The latest report by the World Economic Forum Global Competitiveness Index (GCI) indicates that the Southern African Development Community (SADC) improved slightly in terms of general competitiveness.
The GCI measures the competitiveness of an economy by considering all factors from basic factors that enable it to be competitive to factors that make it efficient and innovative.
According to the World Economic Forum GCI, five SADC Member States improved in the GCI ranking, namely Angola, Malawi, Namibia, South Africa, and Zimbabwe. Namibia and South Africa demonstrated exceptional improvements by moving up six and seven positions from 100 to 94 and 67 to 60 respectively. Mauritius, South Africa, Botswana and Seychelles remained the most competitive and top-ranked Member States in the Region.
Presentations on SADC Member States economic performances made during the SADC-International Cooperating Partners (ICP) Dialogue Platform Meeting on 25th November 2022 showed that the Russia/Ukraine war has adversely affected the Region via significantly high import bills from increases in prices of oil, fertilizers and grain.
The Region is faced with food insecurity due to erratic rainfall in 2021/22 summer agricultural season and the war has exacerbated the situation. The war has resulted in a shortage of grain resulting in increased grain prices. The disruption of oil and gas production due to the war resulted in significant increase in energy prices.
Projections for 2022 indicate that the regional economic prospects are being weighed down by global developments that include monetary policy responses to elevated inflation, tightening financial conditions, the war in Ukraine, and the lingering adverse impact of COVID-19 and supply chain disruptions. The regional economic growth is therefore estimated to slow down to 3.9% in 2022 from 4.9% in 2021.
Annual inflation rate in the SADC Region is projected to increase to 28.2% in 2022 from 14.4% in 2021, the fiscal position for Member States is projected to slightly deteriorate to 4.5% of Gross Domestic Product (GDP) in 2022 from 4.3% of GDP in 2021, while public debt as a percentage of GDP averaged is forecasted to reach 60.5% in 2022, from 61.2% in 2021.
The SADC-ICP Dialogue Platform Meeting noted that the COVID-19 pandemic emerged at a time when the SADC Region had not fully recovered from the 2008 global financial crisis recession.
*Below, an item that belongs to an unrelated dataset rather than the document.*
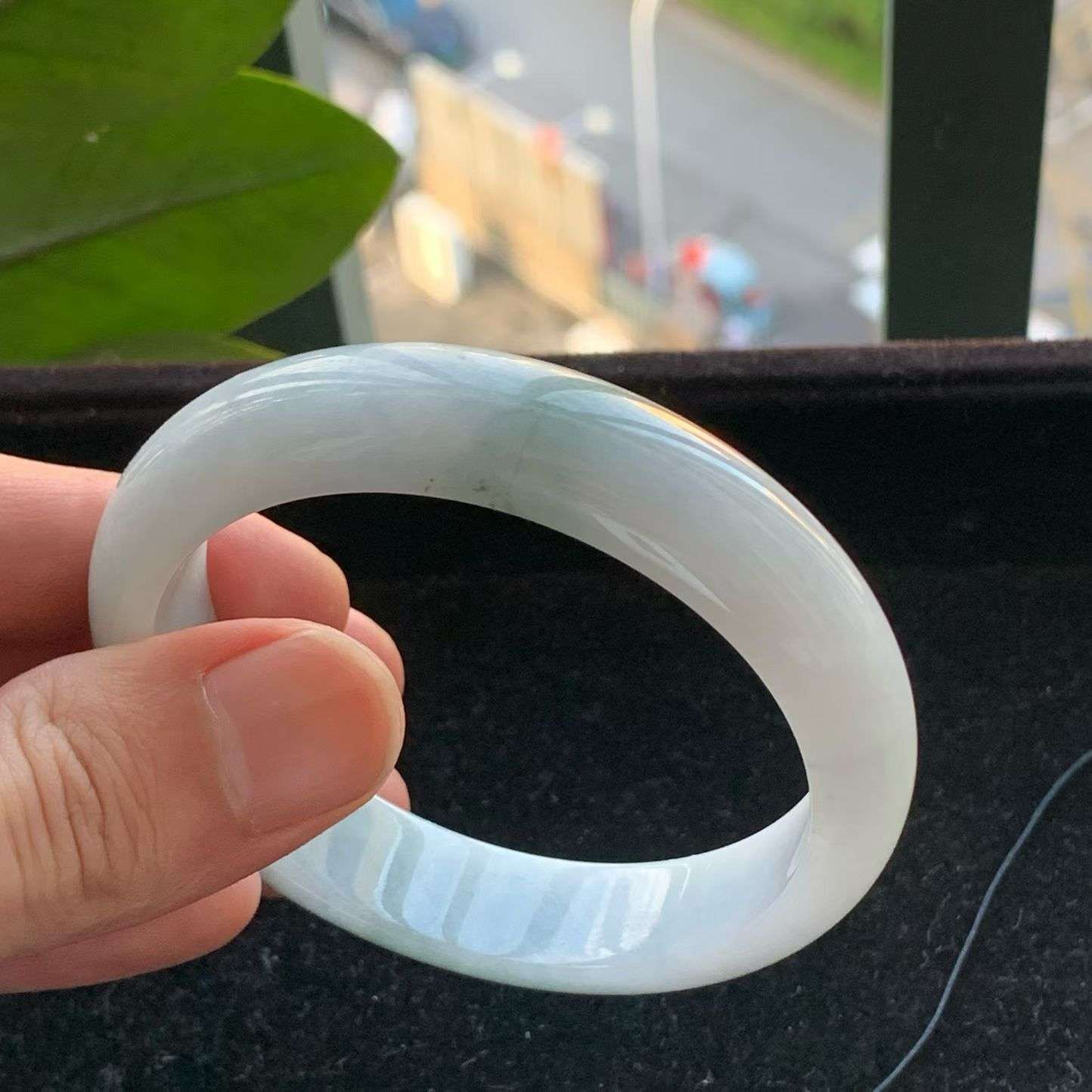 A货天然翡翠冰糯种浅绿手镯58.4圈重量76.67
3月19日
This undermined the progress that Member States had made towards converging under the SADC Macroeconomic Convergence (MEC) programme.
In addition, the Region has also experienced several extreme climatic and weather events such as droughts, cyclones and floods that further weakened the economies of Member States, therefore, derailing the MEC programme. The global growth is estimated to slow down from an estimated 6% in 2021 to 3.2% in 2022 and 2.7% in 2023. The Regional average economic growth is estimated at 4.9% in 2021 from a contraction of 4.6% in 2020 and an increase of 1.7% in 2019. Three Member States (Botswana, Seychelles and Zimbabwe) met the regional target of 7% in 2021.
The meeting further noted that regional economic growth is estimated to slow down to 3.9% in 2022 weighed down by global developments in the face of fragile recovery after the 2020 recession. In 2022, only Seychelles is expected to achieve the MEC economic growth target of 7%.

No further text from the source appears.